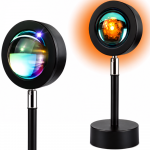Saulėlydžio projekcinė RGB lempa, LED lempa su saulėtekio ir saulėlydžio efektu, saulėlydžio &scaron;viesos lempa, projekcinė nuotaikos lempa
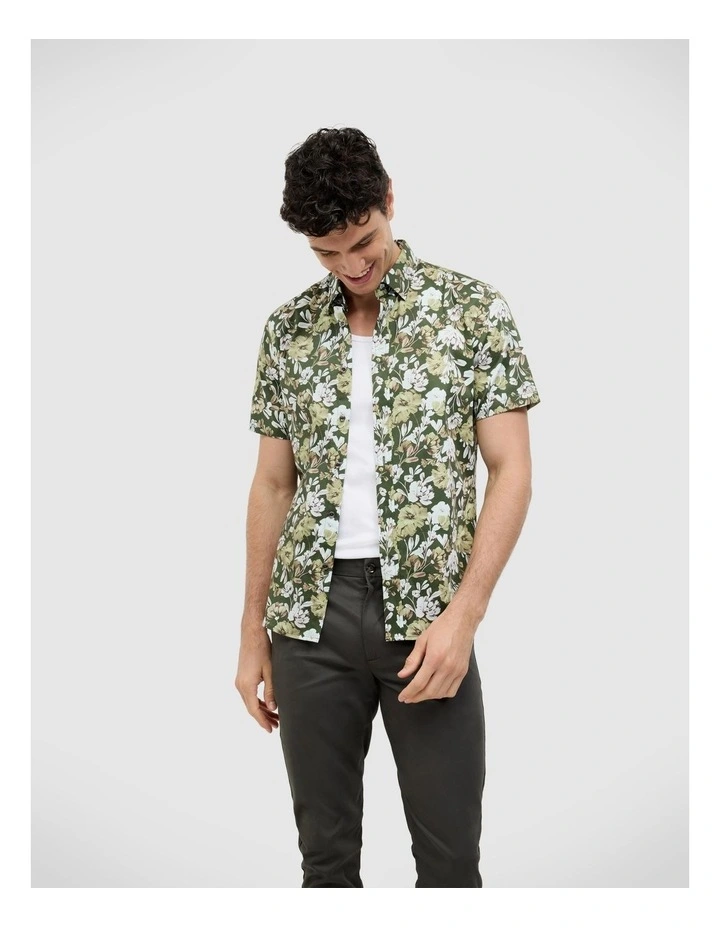 Painted Floral Short Sleeve Shirt in Khaki image 1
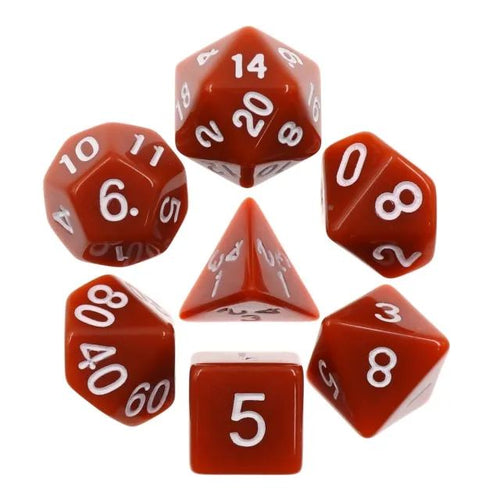 Brown opaque dice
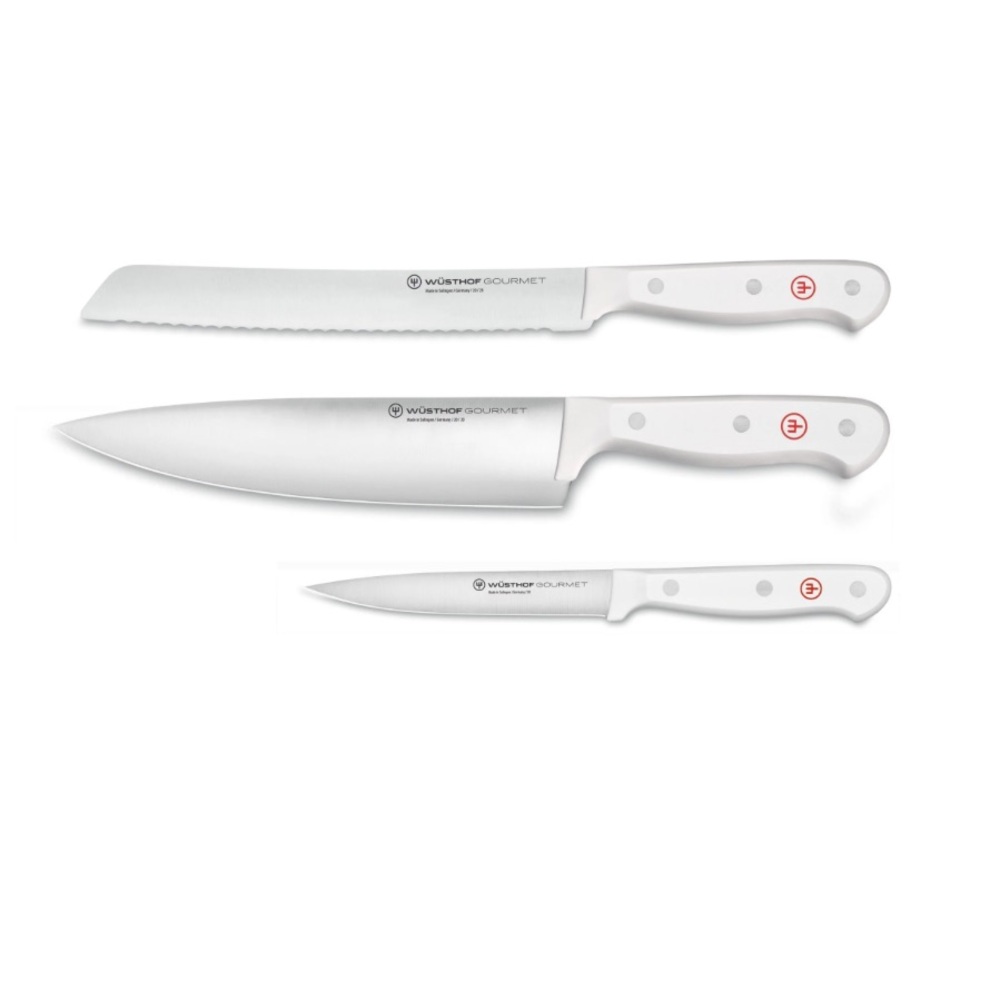 Wusthof starter knife set, peeling knife and scissors- white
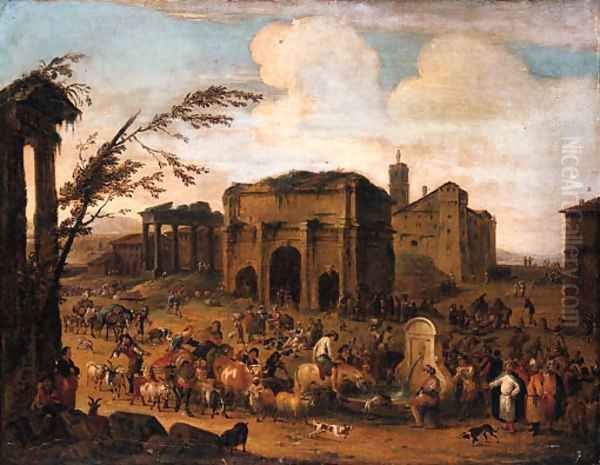 A Capriccio of a Roman Marketplace with Peasants and Levants at a Fountain Oil Painting by Pieter Van Bredael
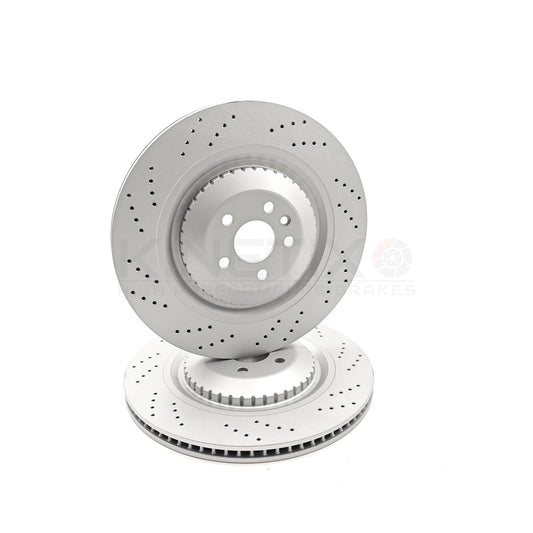 FOR RANGE ROVER VELAR JAGUAR F PACE SVR 5.0 CROSS DRILLED REAR BRAKE DISCS 396mm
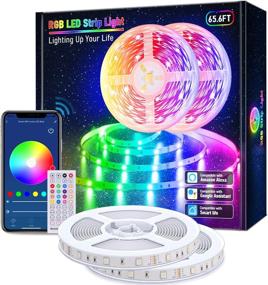 img 4 attached to Lijun 65.6ft WiFi RGB LED Strip Lights - Smart Rope Light Compatible with Alexa, Google Assistant - Remote App Control Lighting Kit - Music Sync Color Changing Lights for Bedroom, Living Room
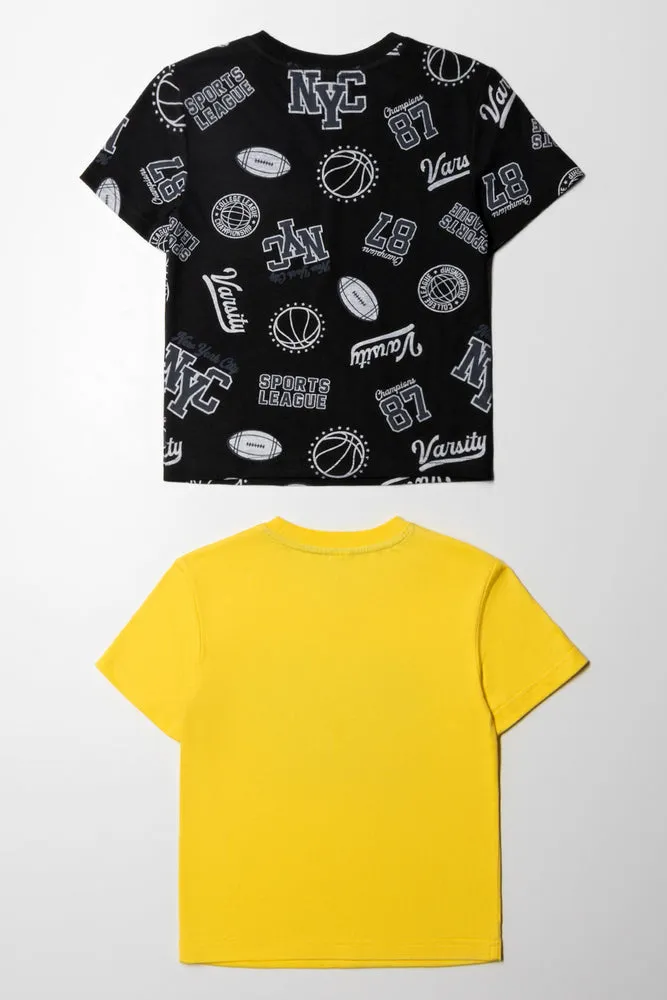 2 Pack Short Sleeve T-Shirts Black And Yellow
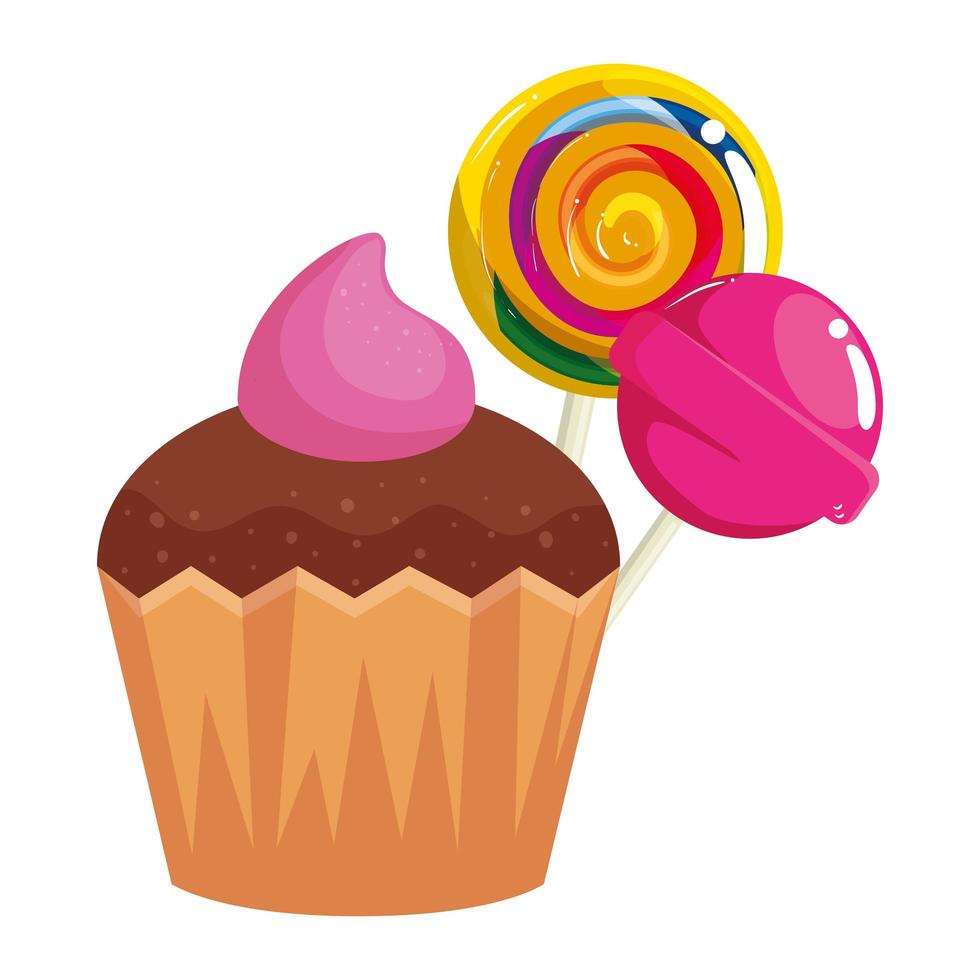 delicioso cupcake con piruletas icono aislado vector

:: Description of the task ::
Leave the pictures out and copy the rest of the data exactly.

:: Response area ::
Saulėlydžio projekcinė RGB lempa, LED lempa su saulėtekio ir saulėlydžio efektu, saulėlydžio &scaron;viesos lempa, projekcinė nuotaikos lempa
 Painted Floral Short Sleeve Shirt in Khaki image 1
 Brown opaque dice
 Wusthof starter knife set, peeling knife and scissors- white
 A Capriccio of a Roman Marketplace with Peasants and Levants at a Fountain Oil Painting by Pieter Van Bredael
 FOR RANGE ROVER VELAR JAGUAR F PACE SVR 5.0 CROSS DRILLED REAR BRAKE DISCS 396mm
 img 4 attached to Lijun 65.6ft WiFi RGB LED Strip Lights - Smart Rope Light Compatible with Alexa, Google Assistant - Remote App Control Lighting Kit - Music Sync Color Changing Lights for Bedroom, Living Room
 2 Pack Short Sleeve T-Shirts Black And Yellow
 delicioso cupcake con piruletas icono aislado vector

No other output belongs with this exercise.